On Tuesday night at Hec Edmundson Pavilion, it appeared the Washington Huskies had decided not to. And that, essentially, is what Romar told them at halftime of their game against Long Beach State.
“A lot of dudes were down,” said Murray, a freshman guard, “and (Romar) was like, ‘some of you guys look like you don’t care about the season being over.’ And I spoke up and I was like, ‘I care.’”
He played like it, scoring a game-high 30 points to go along with nine rebounds and five assists. And he wasn’t alone. Fellow freshman star Marquese Chriss scored 27 points and grabbed 11 rebounds, thrilling the small crowd of 3,505 with an array of monster slam dunks. Fifth-year senior guard Andrew Andrews, the Pac-12’s leading scorer, finished with 25 points and five assists, and made eight free throws in the game’s final 36.7 seconds.

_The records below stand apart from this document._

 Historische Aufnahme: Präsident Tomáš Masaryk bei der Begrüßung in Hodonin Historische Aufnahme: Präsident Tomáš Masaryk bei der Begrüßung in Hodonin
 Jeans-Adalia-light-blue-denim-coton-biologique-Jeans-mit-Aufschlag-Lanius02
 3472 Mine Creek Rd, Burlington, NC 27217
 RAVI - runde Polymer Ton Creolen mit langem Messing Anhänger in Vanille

So the Huskies won this ridiculous affair, 107-102 (defense, anyone?), after clawing from a 14-point first-half deficit to advance to the second round of this consolation tournament. It was the first time two teams scored 100 points in the same, non-overtime NIT game since 2000, and it was entertaining for that reason alone.
As a result, the No. 3-seed Huskies will face No. 2 seed San Diego State in the second round, likely at 8:30 p.m. Monday in San Diego. The Aztecs cruised to a 79-55 blowout of IPFW on Tuesday night.

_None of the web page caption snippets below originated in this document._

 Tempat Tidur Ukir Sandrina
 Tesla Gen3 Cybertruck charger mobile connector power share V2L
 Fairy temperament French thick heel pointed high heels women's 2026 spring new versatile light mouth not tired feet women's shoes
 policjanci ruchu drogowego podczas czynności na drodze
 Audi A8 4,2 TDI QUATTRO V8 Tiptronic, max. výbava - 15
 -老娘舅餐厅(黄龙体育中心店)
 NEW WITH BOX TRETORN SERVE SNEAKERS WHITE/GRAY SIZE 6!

Washington’s victory was not as easy.
It wasn’t secured until the final 40 seconds, a period in which UW outscored LBSU 8-2 after falling behind 100-99 on a Justin Bibbins layup with 37.3 seconds to play. Andrews responded with a pair of free throws, the 49ers responded by missing shots and committing a crucial turnover, and Andrews kept going back to the line and kept converting.
But the Huskies (19-14) trailed 51-46 at halftime, and the margin was only that close because of an 8-0 UW run to end the first half. The 49ers jumped them from the start, racing to a 14-6 lead that later became 40-28, then 47-33 with a little more than four minutes remaining before halftime.
Washington might not have looked disinterested, but the Huskies certainly lacked energy. They watched 49ers leading scorer Nick Faust connect on 3-pointers. They watched other LBSU players drive for uncontested layups. They got beat in transition. They turned the ball over 11 times in the first 20 minutes. They got beat to the offensive glass.
Then, Romar said, something changed.
“After we came out pretty sluggish,” Romar said, “I thought (we) realized that if we didn’t get going, we were going to be going home for the summer and we weren’t going to be playing.”
After falling behind by 10 points, the Huskies used a 12-4 run to cut LBSU’s lead to 68-66 with 13:40 to play, and took their first lead at 77-74 on Chriss’ 3-point play with 11:28 left.
Chriss and Murray, freshmen who are expected to consider entering the NBA draft this summer, both turned in stellar performances in what could have been their final home game. Murray’s teardrop floater proved impossible for the 49ers to defend (though he did finish with seven turnovers), and he made 10-of-16 from the field.
Chriss used his athleticism to play above the rim. He finished with four dunks and had one of UW’s most impressive blocked shots of the season, pinning an LBSU layup attempt against the backboard with two hands, possessing the ball on his way down and turning it into a takeaway.
“I just tried to play hard and get rebounds when my team needed it,” Chriss said.
The 49ers (20-15) shot 49.3 percent from the field, though they committed 17 turnovers that led to 23 UW points. And the Huskies ended up outrebounding LBSU, too, 43-35, including 18 offensive boards that helped produce 19 second-chance points.
Faust led LBSU with 26 points. Bibbins added 17, and A.J. Spencer scored 16.
But it was the Huskies who found a way to survive.
“Early on, I just didn’t think our effort was there,” Romar said. “I thought we had a poor effort. Once our effort was at the proper level, things began to change.”